Exercise instructions: In how many lines of the listing does the word "these" appear? Reply with the number only.

Record excerpts:
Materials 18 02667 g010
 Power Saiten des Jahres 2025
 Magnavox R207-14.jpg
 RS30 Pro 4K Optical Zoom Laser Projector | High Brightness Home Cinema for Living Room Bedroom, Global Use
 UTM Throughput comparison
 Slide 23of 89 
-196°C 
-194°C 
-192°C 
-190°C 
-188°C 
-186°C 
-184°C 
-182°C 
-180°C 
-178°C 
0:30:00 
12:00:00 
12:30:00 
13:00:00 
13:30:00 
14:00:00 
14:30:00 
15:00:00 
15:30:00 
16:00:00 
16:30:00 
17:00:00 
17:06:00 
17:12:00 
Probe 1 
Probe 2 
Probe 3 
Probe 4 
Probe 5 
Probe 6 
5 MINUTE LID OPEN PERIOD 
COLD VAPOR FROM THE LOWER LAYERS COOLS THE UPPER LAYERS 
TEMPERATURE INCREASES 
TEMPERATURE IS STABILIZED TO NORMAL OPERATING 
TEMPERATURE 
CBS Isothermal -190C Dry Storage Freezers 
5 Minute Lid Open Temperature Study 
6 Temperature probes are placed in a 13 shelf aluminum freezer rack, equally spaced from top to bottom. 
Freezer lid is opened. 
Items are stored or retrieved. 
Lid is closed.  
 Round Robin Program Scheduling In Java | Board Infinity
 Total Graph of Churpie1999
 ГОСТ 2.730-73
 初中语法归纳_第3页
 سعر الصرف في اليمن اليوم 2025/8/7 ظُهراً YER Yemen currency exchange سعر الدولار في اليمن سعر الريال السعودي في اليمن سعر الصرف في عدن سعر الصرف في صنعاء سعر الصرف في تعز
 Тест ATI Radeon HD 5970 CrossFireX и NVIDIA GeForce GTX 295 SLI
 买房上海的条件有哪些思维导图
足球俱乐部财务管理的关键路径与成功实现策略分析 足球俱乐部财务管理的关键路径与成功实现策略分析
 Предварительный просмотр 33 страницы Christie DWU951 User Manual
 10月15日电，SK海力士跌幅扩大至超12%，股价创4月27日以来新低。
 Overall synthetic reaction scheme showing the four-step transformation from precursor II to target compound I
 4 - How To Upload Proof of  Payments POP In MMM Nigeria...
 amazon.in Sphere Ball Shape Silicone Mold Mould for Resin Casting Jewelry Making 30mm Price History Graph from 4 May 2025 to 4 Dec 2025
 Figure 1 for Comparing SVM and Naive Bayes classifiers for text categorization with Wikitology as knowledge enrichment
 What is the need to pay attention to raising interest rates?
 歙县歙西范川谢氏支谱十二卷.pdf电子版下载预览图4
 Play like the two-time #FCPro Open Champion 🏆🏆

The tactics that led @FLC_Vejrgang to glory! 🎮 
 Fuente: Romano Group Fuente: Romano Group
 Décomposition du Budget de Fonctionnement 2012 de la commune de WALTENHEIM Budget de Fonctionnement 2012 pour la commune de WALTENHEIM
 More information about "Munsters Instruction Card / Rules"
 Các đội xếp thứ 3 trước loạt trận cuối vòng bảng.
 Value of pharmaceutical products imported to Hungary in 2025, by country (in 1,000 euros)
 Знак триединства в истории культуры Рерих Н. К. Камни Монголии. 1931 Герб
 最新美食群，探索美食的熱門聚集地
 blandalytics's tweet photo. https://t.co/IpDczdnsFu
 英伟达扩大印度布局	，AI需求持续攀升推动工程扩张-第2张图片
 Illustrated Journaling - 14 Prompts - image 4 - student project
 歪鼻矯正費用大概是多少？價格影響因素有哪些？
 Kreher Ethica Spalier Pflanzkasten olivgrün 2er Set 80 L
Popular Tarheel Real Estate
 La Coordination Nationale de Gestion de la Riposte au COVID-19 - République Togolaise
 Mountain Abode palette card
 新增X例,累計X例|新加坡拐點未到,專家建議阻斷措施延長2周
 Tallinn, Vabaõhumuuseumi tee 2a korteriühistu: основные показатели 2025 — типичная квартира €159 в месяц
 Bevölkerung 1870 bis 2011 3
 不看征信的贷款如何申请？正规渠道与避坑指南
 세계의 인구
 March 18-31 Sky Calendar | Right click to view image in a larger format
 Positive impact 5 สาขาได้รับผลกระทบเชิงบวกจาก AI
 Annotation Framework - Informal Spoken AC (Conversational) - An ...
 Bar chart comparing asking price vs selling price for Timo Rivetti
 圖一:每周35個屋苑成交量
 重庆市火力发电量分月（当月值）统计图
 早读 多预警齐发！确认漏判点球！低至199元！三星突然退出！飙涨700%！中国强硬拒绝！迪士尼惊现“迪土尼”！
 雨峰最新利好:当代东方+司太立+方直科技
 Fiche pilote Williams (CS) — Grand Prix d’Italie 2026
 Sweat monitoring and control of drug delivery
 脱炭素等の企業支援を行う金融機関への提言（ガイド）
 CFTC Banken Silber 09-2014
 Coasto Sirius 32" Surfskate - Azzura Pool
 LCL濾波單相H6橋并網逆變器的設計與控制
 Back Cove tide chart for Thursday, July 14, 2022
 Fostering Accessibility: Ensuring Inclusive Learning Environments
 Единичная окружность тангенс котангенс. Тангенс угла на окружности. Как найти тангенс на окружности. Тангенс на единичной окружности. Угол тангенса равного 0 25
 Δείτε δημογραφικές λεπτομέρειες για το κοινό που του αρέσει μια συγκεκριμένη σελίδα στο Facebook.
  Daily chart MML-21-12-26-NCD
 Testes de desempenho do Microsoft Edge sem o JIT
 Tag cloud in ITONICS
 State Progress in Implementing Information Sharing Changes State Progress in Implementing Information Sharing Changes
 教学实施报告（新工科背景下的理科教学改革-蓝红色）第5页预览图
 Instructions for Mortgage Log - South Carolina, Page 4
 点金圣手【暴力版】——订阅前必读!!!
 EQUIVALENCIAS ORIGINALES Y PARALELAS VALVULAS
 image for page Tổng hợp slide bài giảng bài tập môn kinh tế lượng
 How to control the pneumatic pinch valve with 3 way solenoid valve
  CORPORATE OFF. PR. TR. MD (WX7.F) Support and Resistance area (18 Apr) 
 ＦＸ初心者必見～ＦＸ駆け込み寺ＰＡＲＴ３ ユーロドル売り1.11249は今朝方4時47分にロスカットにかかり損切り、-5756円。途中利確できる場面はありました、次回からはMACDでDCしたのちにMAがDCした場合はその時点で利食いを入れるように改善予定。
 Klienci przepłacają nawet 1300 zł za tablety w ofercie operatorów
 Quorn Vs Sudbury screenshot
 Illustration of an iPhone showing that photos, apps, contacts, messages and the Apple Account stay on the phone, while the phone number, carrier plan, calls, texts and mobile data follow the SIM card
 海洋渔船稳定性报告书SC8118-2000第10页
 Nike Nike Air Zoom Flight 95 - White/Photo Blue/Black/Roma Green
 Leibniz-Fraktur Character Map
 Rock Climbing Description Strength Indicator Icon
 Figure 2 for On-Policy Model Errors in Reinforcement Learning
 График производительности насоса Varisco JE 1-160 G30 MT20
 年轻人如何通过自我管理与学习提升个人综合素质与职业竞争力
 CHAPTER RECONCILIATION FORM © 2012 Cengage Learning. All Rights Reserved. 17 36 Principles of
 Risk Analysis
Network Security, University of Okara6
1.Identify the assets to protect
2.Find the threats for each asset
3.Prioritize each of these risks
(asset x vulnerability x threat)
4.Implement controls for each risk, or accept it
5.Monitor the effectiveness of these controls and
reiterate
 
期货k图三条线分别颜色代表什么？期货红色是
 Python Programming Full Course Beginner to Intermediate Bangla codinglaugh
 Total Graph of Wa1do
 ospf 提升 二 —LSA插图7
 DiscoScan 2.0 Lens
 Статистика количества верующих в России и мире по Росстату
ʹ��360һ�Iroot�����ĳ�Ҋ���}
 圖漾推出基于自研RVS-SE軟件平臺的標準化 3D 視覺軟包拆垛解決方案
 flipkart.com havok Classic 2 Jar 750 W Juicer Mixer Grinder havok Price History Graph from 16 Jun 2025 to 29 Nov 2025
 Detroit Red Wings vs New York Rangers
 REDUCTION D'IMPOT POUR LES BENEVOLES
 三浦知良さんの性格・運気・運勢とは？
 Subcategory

Answer section: 2